Workers at Glencore’s Oaky North mine have voted 70 per cent in favour of a deal they’d rejected in January by over 90 per cent.

This vote ended the bitter 230 day lockout. But the outcome was not good for workers.

The deal includes an 8.24 per cent wage rise over four years, a freeze on accommodation costs and maintains bonus arrangements. But the dispute was never about money. Earlier the workforce had volunteered to go without a wage rise if they could maintain their current conditions.

The central issue was the increasing use of casuals and contractors that undermine job security. As mine worker Brian Lederhose told the ABC; “It’s happening at every other pit in the Bowen Basin. Everyone’s trying to use contractors because it’s easy to supplement and get rid of when they don’t need them anymore”.

Glencore managed to keep the mine operating during this dispute using staff and contractors. Every morning hundreds passed the union’s picket. Glencore will continue engaging these contractors.

This isn’t just a loss for the Oaky North workers but for everyone in the industry. Other companies will follow Glencore’s lead pit by pit in the next round of bargaining and the union will remain on the defensive.

At every step the union fought within the law but this held them back. While the use of contractors and casuals is an industry wide issue, secondary boycott laws and the threat of being sued for massive damages ensured the union did not respond with industry wide action.

The contract workforce too were prevented from joining the action by the law even though they have an interest in seeing more permanency established.

But even these coercive secondary boycott laws weren’t enough for Glencore. They also turned to what employers call the “nuclear option” and applied to the Fair Work Commission to have the expired enterprise agreement terminated.
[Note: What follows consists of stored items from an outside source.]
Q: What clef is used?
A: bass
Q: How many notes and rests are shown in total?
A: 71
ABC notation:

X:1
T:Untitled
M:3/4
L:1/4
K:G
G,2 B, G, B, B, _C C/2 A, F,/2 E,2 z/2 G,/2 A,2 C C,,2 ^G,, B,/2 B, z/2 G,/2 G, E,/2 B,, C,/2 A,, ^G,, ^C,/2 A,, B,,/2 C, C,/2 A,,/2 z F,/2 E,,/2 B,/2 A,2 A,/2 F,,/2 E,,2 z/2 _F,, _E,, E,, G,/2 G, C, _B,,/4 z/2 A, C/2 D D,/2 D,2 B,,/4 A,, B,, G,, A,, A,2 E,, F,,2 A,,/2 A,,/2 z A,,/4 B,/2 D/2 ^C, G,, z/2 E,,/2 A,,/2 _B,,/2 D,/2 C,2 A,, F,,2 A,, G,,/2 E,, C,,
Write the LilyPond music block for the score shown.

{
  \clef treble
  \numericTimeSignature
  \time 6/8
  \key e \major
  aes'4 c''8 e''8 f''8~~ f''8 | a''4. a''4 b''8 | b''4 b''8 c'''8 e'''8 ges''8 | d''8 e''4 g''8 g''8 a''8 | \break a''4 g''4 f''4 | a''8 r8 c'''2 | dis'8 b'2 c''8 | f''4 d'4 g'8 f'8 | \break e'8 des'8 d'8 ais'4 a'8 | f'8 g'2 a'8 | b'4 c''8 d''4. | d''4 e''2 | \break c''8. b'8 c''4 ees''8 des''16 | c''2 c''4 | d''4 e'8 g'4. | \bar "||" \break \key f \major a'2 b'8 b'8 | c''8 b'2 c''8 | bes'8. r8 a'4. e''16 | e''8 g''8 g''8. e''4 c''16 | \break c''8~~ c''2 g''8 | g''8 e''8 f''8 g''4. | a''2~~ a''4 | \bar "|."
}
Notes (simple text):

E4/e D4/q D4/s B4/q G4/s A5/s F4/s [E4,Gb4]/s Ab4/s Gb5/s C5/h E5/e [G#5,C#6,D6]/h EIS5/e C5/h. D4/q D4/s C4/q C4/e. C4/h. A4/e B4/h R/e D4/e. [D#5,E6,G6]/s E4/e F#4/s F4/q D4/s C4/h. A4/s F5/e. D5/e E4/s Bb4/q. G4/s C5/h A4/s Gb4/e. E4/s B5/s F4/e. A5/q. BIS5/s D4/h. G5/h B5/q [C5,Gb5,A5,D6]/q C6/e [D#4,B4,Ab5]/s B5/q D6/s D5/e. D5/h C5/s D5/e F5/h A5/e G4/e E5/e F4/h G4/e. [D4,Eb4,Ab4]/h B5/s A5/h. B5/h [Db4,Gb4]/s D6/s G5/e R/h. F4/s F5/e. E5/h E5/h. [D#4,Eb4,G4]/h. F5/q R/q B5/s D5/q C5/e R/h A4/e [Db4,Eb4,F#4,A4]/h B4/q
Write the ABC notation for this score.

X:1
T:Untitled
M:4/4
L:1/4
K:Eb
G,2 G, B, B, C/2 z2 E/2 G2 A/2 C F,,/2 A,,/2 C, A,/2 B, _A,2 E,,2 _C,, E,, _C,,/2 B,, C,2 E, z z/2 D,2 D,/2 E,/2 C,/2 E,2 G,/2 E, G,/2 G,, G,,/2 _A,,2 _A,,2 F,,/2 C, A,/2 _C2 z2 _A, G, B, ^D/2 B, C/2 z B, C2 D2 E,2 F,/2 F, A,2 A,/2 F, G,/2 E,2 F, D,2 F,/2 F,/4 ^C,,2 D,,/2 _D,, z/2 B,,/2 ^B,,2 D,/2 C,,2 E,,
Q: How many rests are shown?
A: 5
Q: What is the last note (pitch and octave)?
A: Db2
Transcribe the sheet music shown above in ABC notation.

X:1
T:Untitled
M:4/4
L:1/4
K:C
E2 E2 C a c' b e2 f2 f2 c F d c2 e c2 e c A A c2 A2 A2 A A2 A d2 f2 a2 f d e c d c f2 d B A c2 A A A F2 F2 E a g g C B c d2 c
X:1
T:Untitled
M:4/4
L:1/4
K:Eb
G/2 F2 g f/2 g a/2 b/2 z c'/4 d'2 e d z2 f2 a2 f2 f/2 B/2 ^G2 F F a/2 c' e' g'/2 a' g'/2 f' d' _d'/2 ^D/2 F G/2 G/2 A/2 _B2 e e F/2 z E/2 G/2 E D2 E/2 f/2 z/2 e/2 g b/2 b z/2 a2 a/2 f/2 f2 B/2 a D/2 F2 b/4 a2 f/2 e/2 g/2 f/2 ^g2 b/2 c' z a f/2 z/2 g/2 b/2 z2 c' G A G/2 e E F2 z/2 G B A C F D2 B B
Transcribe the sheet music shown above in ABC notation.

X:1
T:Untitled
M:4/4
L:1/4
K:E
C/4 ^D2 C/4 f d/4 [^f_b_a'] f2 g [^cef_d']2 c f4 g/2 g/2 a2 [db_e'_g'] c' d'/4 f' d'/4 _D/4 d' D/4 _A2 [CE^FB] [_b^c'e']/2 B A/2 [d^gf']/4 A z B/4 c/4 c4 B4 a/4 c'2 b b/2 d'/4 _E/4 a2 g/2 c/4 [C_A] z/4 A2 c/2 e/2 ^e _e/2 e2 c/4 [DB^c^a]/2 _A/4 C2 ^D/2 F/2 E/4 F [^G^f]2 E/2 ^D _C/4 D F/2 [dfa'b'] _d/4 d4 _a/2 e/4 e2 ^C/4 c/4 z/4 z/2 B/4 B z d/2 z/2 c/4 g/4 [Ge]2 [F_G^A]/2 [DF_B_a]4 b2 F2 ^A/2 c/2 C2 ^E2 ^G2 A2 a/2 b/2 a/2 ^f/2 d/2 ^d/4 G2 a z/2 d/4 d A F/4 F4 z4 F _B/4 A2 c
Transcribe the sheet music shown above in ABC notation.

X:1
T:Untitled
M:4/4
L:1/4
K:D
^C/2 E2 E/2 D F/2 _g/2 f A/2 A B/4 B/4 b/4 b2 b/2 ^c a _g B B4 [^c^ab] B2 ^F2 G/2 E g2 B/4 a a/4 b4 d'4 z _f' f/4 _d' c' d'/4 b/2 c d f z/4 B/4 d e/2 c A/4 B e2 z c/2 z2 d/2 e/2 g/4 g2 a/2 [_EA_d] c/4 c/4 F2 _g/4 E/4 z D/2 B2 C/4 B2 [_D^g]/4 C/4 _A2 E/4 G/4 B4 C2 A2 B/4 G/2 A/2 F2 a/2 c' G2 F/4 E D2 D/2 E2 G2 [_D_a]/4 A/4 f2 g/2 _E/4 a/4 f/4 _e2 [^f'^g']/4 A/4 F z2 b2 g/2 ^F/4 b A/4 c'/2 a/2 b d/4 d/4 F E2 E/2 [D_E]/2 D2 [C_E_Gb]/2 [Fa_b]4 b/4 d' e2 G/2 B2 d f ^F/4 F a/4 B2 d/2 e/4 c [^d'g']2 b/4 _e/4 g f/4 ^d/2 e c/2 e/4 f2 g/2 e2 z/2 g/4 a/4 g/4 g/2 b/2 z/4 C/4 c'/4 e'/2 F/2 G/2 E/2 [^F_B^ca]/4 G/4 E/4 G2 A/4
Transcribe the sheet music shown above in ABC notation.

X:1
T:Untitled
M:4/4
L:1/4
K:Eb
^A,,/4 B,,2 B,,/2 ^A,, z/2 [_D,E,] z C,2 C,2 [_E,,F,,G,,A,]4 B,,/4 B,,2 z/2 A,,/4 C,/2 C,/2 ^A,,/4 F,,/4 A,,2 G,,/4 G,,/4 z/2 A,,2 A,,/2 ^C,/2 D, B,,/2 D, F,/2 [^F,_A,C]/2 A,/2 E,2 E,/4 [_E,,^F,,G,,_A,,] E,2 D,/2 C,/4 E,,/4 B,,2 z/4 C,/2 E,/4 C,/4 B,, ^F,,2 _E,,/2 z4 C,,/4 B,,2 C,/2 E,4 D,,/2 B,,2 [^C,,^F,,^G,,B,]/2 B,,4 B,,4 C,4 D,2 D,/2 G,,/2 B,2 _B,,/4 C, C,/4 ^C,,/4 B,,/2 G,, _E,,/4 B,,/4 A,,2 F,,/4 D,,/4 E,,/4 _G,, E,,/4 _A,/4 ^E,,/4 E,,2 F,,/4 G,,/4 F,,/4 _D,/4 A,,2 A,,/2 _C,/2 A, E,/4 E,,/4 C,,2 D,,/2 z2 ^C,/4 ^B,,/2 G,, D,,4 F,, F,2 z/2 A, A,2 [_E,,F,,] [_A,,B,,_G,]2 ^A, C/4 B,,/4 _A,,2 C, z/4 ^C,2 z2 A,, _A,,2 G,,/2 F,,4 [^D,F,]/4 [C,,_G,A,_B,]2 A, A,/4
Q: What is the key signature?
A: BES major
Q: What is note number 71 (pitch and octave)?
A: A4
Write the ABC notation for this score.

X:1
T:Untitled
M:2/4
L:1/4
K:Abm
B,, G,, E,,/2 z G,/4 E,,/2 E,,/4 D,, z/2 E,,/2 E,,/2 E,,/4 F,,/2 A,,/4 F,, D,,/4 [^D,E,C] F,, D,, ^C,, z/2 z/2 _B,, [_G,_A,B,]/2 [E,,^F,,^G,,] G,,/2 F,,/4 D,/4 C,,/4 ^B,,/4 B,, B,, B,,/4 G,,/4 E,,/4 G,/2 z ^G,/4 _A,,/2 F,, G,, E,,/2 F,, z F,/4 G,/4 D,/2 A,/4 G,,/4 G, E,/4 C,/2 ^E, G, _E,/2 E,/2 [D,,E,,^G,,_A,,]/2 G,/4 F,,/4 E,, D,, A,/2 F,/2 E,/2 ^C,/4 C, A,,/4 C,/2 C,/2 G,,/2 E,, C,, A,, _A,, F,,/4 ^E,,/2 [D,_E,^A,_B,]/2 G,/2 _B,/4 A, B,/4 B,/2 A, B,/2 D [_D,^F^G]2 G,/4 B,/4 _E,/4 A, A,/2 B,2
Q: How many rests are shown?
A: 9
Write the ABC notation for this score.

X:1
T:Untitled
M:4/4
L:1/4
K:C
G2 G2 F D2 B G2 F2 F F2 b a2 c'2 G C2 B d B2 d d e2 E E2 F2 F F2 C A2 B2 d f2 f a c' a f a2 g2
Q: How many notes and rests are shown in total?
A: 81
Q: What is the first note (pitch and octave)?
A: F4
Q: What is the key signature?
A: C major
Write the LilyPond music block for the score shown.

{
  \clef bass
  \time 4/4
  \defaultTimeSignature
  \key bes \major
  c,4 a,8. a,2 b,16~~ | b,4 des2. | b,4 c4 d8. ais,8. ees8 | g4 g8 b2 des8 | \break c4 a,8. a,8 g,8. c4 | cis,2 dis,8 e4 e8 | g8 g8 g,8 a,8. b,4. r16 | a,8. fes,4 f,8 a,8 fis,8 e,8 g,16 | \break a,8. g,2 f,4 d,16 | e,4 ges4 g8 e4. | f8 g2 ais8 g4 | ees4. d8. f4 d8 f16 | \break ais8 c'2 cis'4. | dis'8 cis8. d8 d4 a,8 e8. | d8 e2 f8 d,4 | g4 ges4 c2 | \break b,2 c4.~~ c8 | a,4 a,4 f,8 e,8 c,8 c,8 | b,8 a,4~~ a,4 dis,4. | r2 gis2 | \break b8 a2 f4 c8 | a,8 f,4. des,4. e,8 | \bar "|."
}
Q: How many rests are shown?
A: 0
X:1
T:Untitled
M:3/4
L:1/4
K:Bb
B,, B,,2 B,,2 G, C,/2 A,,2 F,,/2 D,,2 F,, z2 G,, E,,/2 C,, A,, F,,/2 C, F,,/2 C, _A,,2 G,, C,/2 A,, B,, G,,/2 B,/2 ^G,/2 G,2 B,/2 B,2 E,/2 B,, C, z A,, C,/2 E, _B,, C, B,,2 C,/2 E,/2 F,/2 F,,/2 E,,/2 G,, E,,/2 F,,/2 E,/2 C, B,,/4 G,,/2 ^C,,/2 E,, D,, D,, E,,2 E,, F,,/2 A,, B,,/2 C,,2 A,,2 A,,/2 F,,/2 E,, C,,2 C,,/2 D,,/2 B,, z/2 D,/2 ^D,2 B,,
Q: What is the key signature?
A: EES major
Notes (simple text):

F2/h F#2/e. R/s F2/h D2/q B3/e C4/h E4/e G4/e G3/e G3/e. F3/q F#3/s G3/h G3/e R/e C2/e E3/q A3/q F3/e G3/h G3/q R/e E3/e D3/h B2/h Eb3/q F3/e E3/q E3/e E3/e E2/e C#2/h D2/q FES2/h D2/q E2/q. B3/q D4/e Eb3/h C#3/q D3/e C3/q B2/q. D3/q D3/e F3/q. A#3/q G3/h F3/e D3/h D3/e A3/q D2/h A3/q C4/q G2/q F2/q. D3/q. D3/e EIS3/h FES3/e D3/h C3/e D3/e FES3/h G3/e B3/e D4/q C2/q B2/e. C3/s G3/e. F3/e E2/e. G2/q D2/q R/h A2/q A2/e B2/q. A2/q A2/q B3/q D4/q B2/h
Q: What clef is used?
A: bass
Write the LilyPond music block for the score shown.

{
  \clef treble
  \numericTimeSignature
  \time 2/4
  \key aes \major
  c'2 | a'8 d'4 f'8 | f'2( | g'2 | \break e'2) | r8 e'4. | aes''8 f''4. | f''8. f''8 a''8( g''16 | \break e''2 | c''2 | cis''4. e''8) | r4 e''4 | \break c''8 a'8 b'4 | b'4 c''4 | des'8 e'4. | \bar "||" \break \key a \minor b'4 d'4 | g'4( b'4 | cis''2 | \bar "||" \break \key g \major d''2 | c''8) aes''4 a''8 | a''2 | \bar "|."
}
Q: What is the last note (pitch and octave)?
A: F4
If successful all the wages and conditions the workers had accumulated over 25 years of enterprise bargaining would have been striped back to the much inferior Black Coal Industry Award allowing Glencore to retrench on the cheap.

This threat, combined with the union officials’ support for the January deal, wore the workers down. If the union movement is ever going to get back onto the front foot we have to discuss defying the law.